Released: 2013, Santo Grial (Holy Grail)
Reviewer: Metal-Rules.com UK Team
Fans of old school thrash - y'know, the double-denim-and-patches kinda stuff - should point their eyes in this direction for a bit, because the subject of today's review is Spanish thrash metallers Ethos (Spanish thrash: Spash? Sprash? Ahem. Anyway...)
The band formed way back in 1995 in Logrono, Spain. Vocalist Rodrigo Sevillano, driven by his love of W.A.S.P, Metallica and other Eighties thrashers, pieced together a group of fellow enthusiasts. A demo was released in 2000 ('Tiempos Difficiles', translation 'Hard Times'), followed by a self-titled album in 2004. After a rather long gap, the band finally released their follow-up album 'Desnudando la Realidad' ('Stripping Reality') in 2013.
Opening track 'Mas Alla de la Razon' ('Beyond All Reason') kicks off proceedings in a suitably thrashy fashion. With shades of old school Metallica, it's a surprisingly heavy number with some impressive Eighties style riffs. Frontman Sevillano also has a rather impressive voice, very much in the style of his hero Blackie Lawless (although admittedly minus Lawless' rather bonkers badassness). As befits the thrash genre, the song is quite long (almost all of the album's tracks are around five or six minutes in length), with protracted instrumental breaks and a rather earnest vocal style.
The band's clear influences read like a roll call of Eighties metal. Thus there are shades of Megadeth on 'Victima Social' ('Social Victim'), W.A.S.P on 'Las Dos Caras de la Necedad' ('The Two Faces of Folly'), and Judas Priest on album closer 'Renacer' ('Reborn'). There's also a hint of Maiden ('El Nombre Del Poder' - 'In the Name of Power'), Whitesnake ('Fiel Hasta Del Muerte' - 'Faithful Unto Death') and even Eighties pop rock a la Pat Benetar in 'Sombra Del Ayer' ('Shadow of Yesterday'). Thrash remains the overriding sound, but with traces of power and speed metal which prevents the album from becoming too generic and 'copycat'.
There are a few niggles: Sevillano's vocals are definitely weaker at the lower end of his range; the piano-led intro 'Se Acabo' ('It's Over') is a touch maudlin, and again the vocals don't suit the music. Some of the instrumental breaks, whilst musically excellent, are a bit too 'kitchen sink' and self indulgent, which runs the risk of boring the listener. This is most noticeable with the inclusion of a longer version of first single 'Cuestion de Fe' ('Question of Faith'): two extra minutes of instrumental is at best unnecessary. The other issue is the all-Spanish lyrics: it would be interesting to know what the man is singing about! Having said that, not only is it fairly obvious from the rather negative and cynical song titles that this is no 'hearts and flowers' album (ha!), but who are we as English speakers to tell people to sing only in English? (Thus ends the anti-colonialism lecture for the day...)
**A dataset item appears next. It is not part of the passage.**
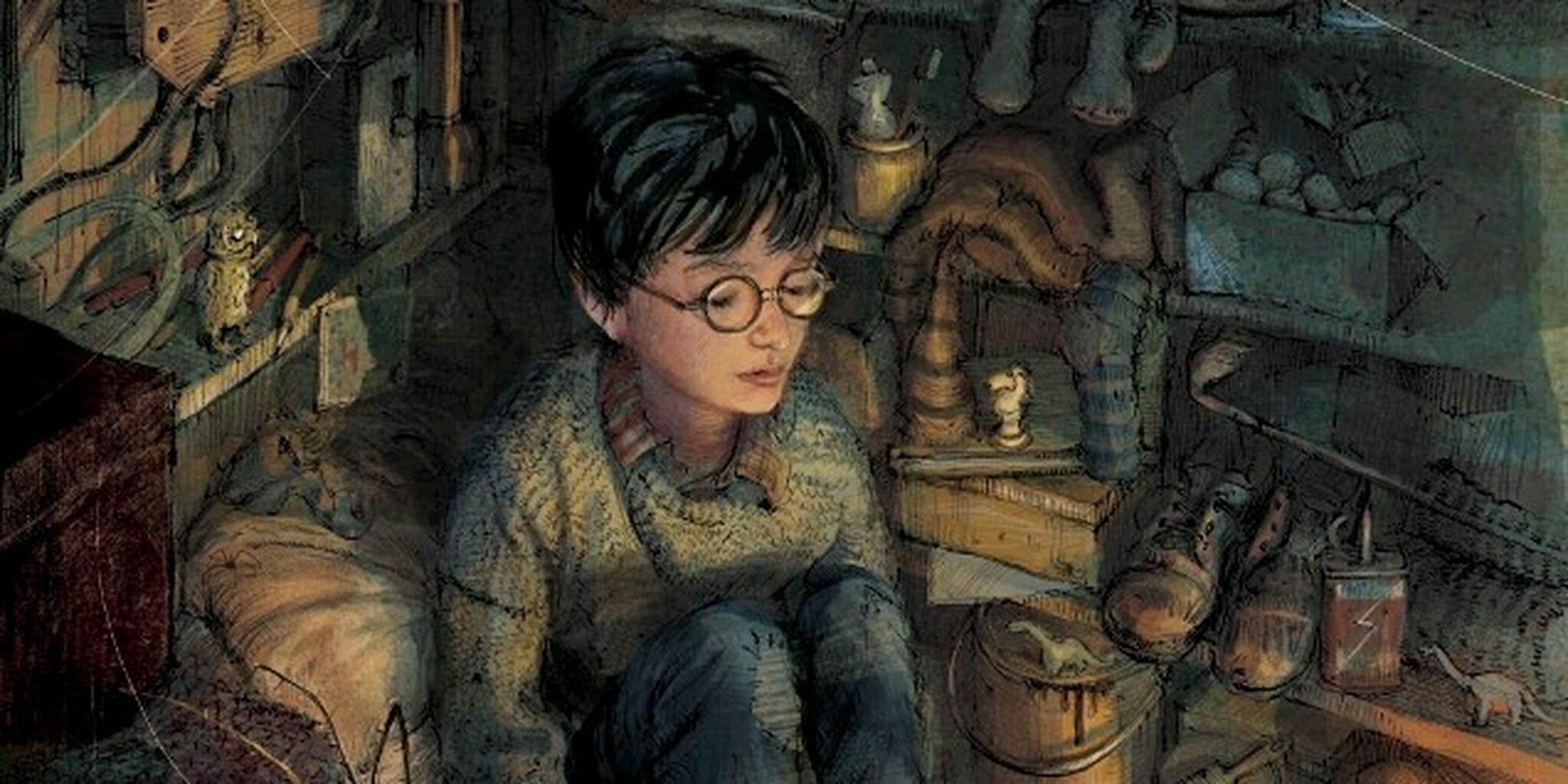 Check out four stunning illustrations from the new 'Harry Potter' editions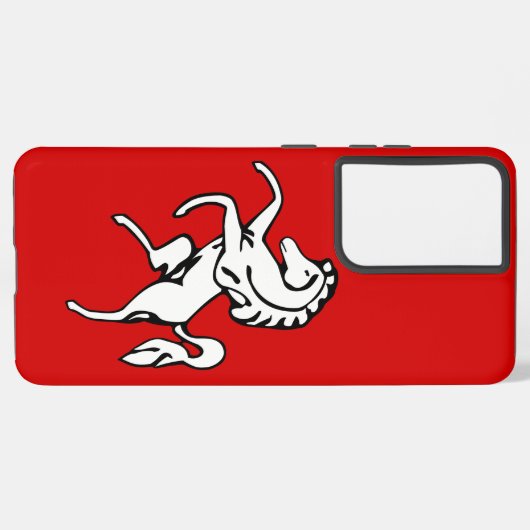 Samsung Galaxy S21 Plus Case flag of Kent County Samsung Galaxyケース (裏面横)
Having said all of that, this is a fantastic album if you love old shcool thrash. It is packed full of racing, thunderous riffs aplenty, catchy choruses, some truly epic, soaring guitar solos and instrumental breaks, and an all-pervading sense of honouring the thrash metal greats. Special mention must go to 'Sombra del Ayer', which is a blasting beast of a song, and album closer 'Renacer', the most modern-sounding song on the album but still drenched in a glorious Priest-esque flavour throughout. It's a wonderful way to wrap up the album.
It may have been a long time coming, but 'Spashers' (sorry) Ethos have released a great album for fans of thrash metal. They certainly tick all of the genre's boxes, and this album will undoubtedly delight their old fans and garner them new ones. Viva la thrash musica!